The help/FAQ pages (e.g. /help/faq/editing) render literal <br /> as visible text. The root cause is that Open Library has two markdown engines that disagree on hard breaks:

Engine Hard break
Display OLMarkdown (vendored Python-Markdown) every newline → injected <br/>; no escape syntax
Editing Tiptap WYSIWYG (tiptap-markdown / markdown-it) serializes a hard break as CommonMark \ + newline

When editor-saved content is displayed, OLMarkdown appends its <br/> right after the editor's trailing \. The backslash escapes the <, so the tag renders as the literal text <br />. Verified against the real renderer:

editor saves:  'first line\\\nsecond line'
OLMarkdown  →  'first line&lt;br /&gt;\n   second line'   # literal <br /> shown to the reader

This affects every multi-line paragraph edited via the WYSIWYG editor, not just the orphaned footnote block on that FAQ page (the page history's "stray forward slashes removal" edit is the same backslashes).

Steps to reproduce

Via the WYSIWYG editor (the real-world path — any page that mounts <ol-markdown-editor>: a /type/page wiki/help page, or a work description):

  1. Open the editor and type a line, press Shift+Enter (a hard break — plain Enter makes a new paragraph, which is fine), type a second line.
  2. Save, then view the rendered page → the line break shows as the literal text <br />.
    • Opening an existing multi-line page in the editor and simply re-saving also reproduces it: with breaks: true, markdown-it turns every existing single-newline line break into a hard-break node, so a plain open→save corrupts the whole page at once.

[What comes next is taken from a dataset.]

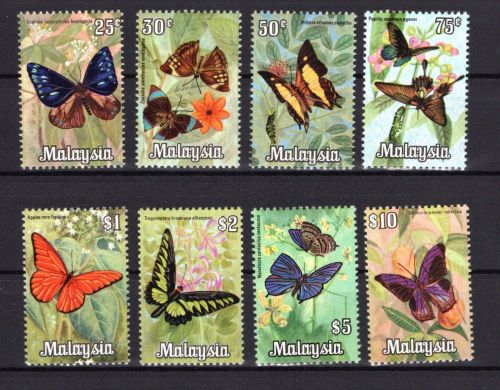 Malaysia MiNr. 63-70 Schmetterlinge / Nachtfalter, Satz postfrisch Tiere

Renderer only (no editor needed) — save page source with a line ending in a single backslash:

first line\
second line

→ view it and the literal <br /> appears.

Fix (editor + renderer)

  • Editor — new OLHardBreak node (openlibrary/components/lit/hard-break.js, wired into editor-core.js) serializes hard breaks as a bare newline (OLMarkdown's dialect) instead of CommonMark \. Re-saving a page through the editor now also cleans up legacy backslash/<br> cruft.
  • RendererLineBreaksPreprocessor (olmarkdown.py) normalizes away a lone trailing CommonMark hard-break \, so already-corrupted pages display correctly without needing a re-save (no leaked <br />, no stray \). It also no longer glues a <br/> onto the line directly above a link-reference definition.
  • Added @tiptap/extension-hard-break as an explicit dependency (was a transitive/phantom dep via starter-kit).

Tests

  • JS round-trip tests (tests/unit/js/OLMarkdownEditor.test.js): hard breaks serialize without backslashes/<br>.
  • Python render tests (openlibrary/tests/core/test_olmarkdown.py): the hard-break and reference-block cases.
  • Both new test sets were confirmed to fail without the fix (see the verification comment for before/after rendered output and red/green results).

Notes

  • The orphaned footnote block on the FAQ page is still worth deleting from the wiki source; this change makes the renderer degrade gracefully instead of emitting literal markup.
  • Longer term, converging on a single markdown engine (e.g. markdown-it-py server-side, to match the editor) would remove the dialect mismatch entirely — worth a separate issue.

Testing

  • npm run test:js — 88 passed (OLMarkdownEditor suite)
  • pytest openlibrary/tests/core/test_olmarkdown.py — 5 passed
  • pre-commit (ruff / mypy / eslint / POT) clean
  • Manual before/after on a local dev instance (literal <br /> → clean line breaks)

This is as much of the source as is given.